Такие неглубокие и, разумеется, неверные мыслишки (я давно уже не мыслю правильно) вяло и лениво протекали в моем чуть размягчившемся от алкоголя сознании. Выпил я мало и как-то неудачно: благость и тепло никак во мне не возникали, я поэтому сидел, курил и думал, наблюдая протекающую мимо жизнь аэропорта Шереметьево. Я улетал домой, уже давно с этим понятием у меня связан только Иерусалим, но в Москве в эту поездку на меня так сильно и внезапно нахлынуло прошлое, что я не мог не философствовать, избывая неизбывное волнение.

Мимо меня проплыла молодая женщина с огромным, устремленным вверх, насколько это было можно, животом. Она несла его с достоинством и плавностью и как-то вся была в себе — как Леда, вспоминающая лебедя на последнем месяце беременности. Вот он, сюжет нормальной жизни, благостно подумал я. Выпитые полстакана виски начинали сказываться.

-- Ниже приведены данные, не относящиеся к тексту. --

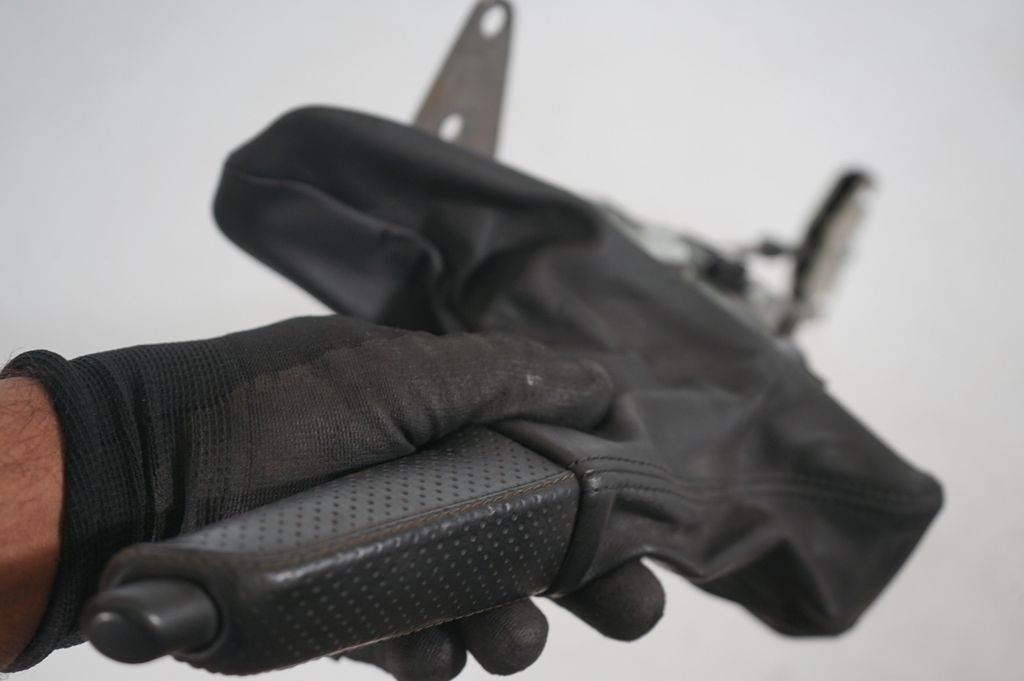 Handbrake/parking brake lever assembly (7)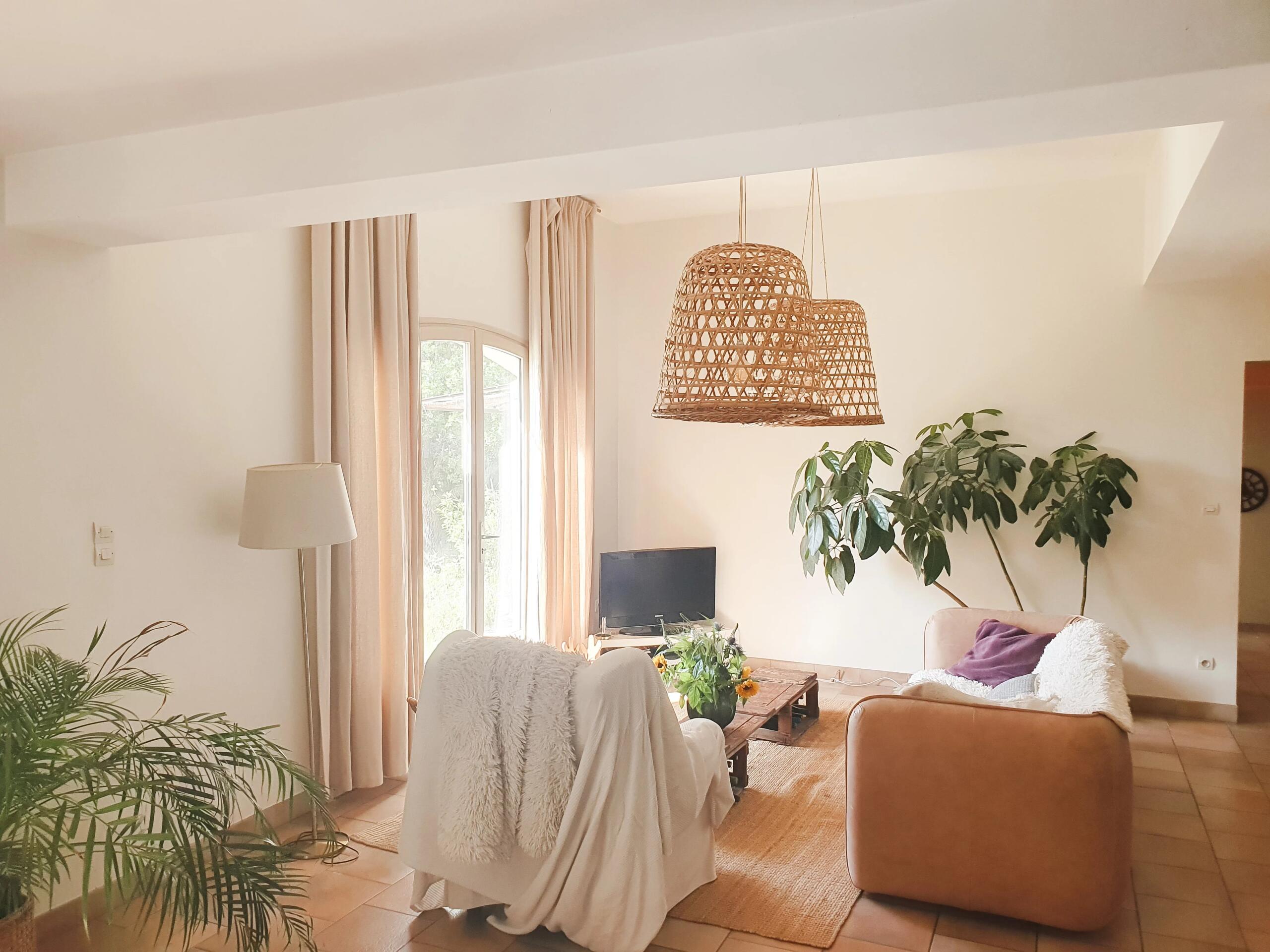 House with Pool and Olive Grove Views in Mérindol, Near Lourmarin, Provence-Alpes-Côte d’Azur – France – BVI85838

Теперь о вдруг настигшем меня прошлом. Только вчера я выступал в Театре эстрады. Был полный зал, и нам на радостях позволили устроить пьянку прямо в артистической. Набилось человек сорок, мне были не все знакомы, гам десятка разрозненных разговоров ровно и уютно тек по комнате, сливаясь с сигаретным дымом. Теща моя изредка ходит на мои большие выступления — не чтоб меня послушать, упаси Господь, я не страдаю манией величия, а чтобы отобрать у меня цветы раньше, чем я раздам их кому ни попадя. Сейчас она участвовала в общем пьянстве, я на нее изредка посматривал, и вдруг она подозвала меня.

— Пойдите, Игорь, к вон тому седому человеку, — сказала она, — от него когда-то сильно зависела ваша судьба.

Ей это явно только что рассказал собеседник, ее приятель, я его знал мало и мельком. Я немедленно пошел.

— Эдик, — спросил я у невысокого седого человека лет пятидесяти, — мне только что сказали, что от вас зависела некогда моя судьба.

Я уже прекрасно понимал, с кем говорю, но интересны были мне подробности.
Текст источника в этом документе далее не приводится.